▸ TASK STATEMENT:
Find "Megan Lee Megan Lee devant un bureau" in the material below, then write out that line and every line after it exactly, ending with the last one; skip the pictures.

▸ DATA EXTRACT:
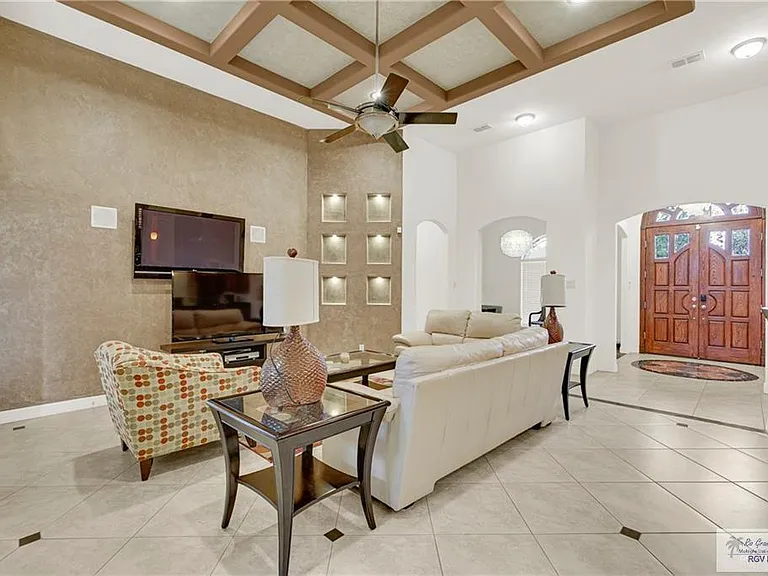 3601 N Toledo St — Photo 5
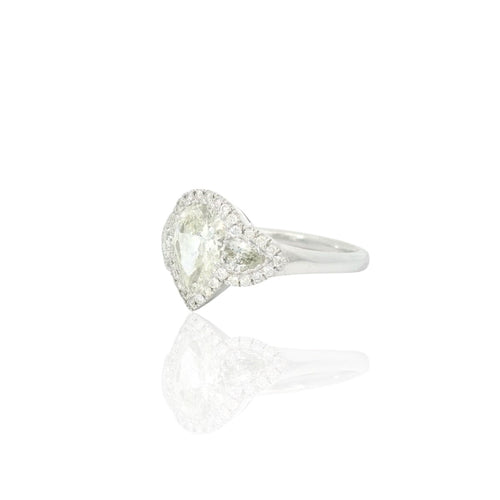 Bague 52.5 Bague poire halo en or blanc 18k et diamants 58 Facettes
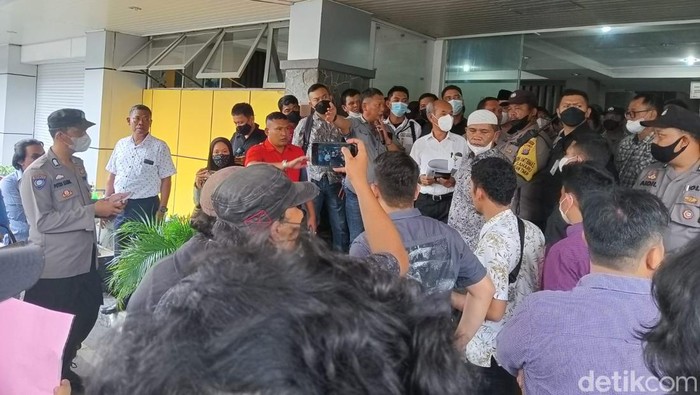 Massa saat bertemu Plt Kadis Pendidikan Sumut, Lasro Marbun. (foto: Goklas/detikSumut)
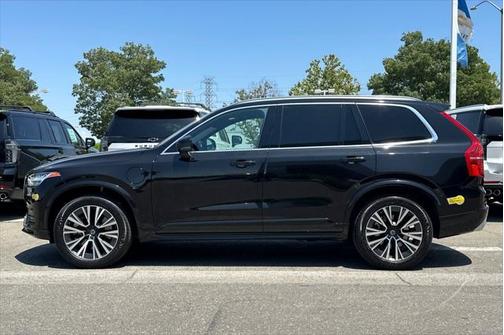 2020 Volvo XC90 Hybrid T8 Momentum 7 Passenger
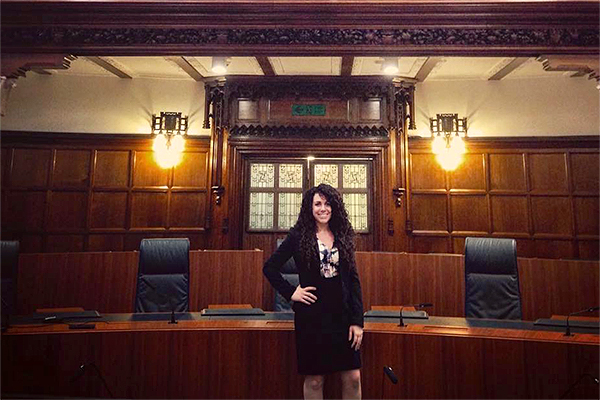 Megan Lee Megan Lee devant un bureau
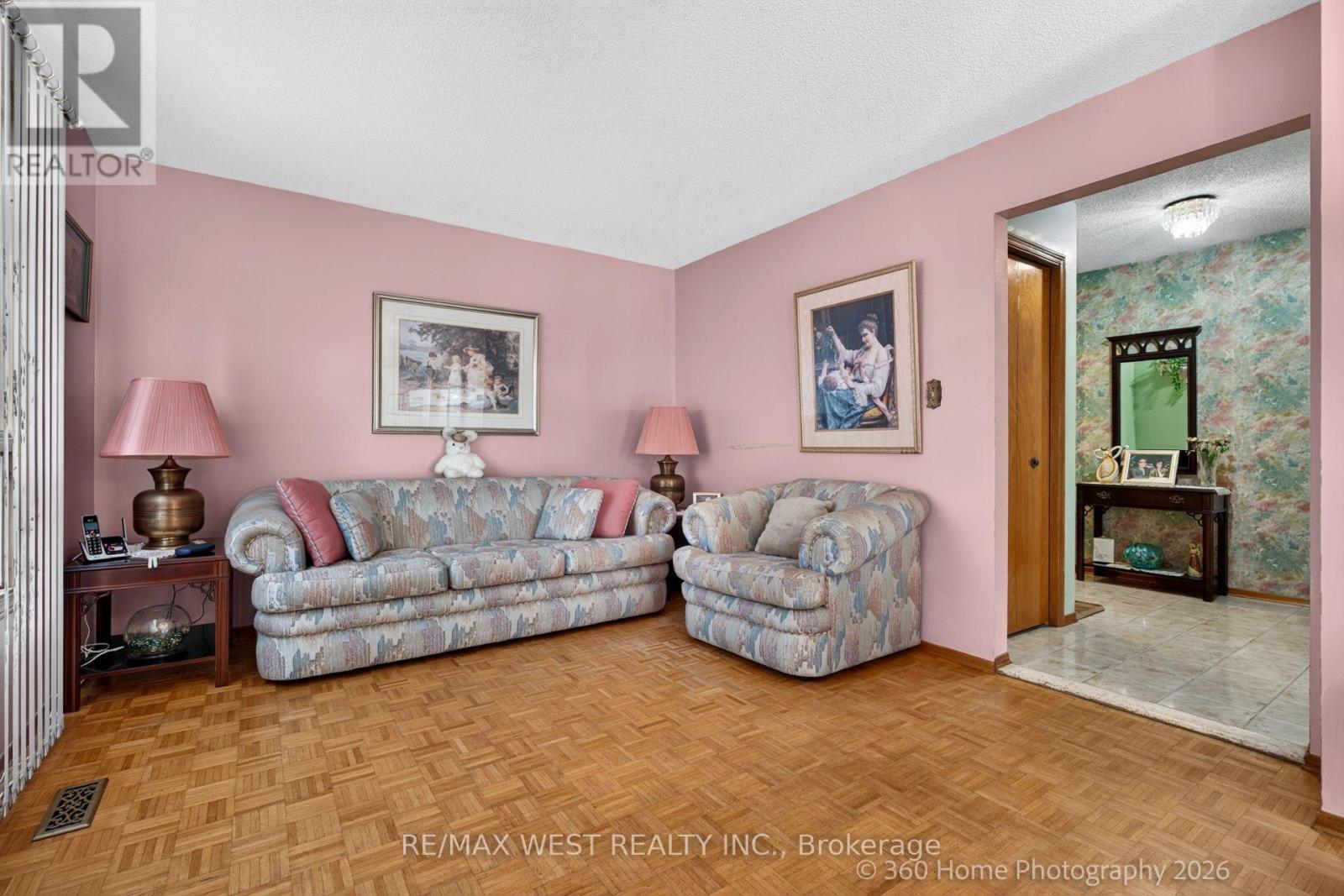 4157 Ottewell Crescent Property Photo 5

▸ SOLVED PROBLEM:
 Megan Lee Megan Lee devant un bureau
 4157 Ottewell Crescent Property Photo 5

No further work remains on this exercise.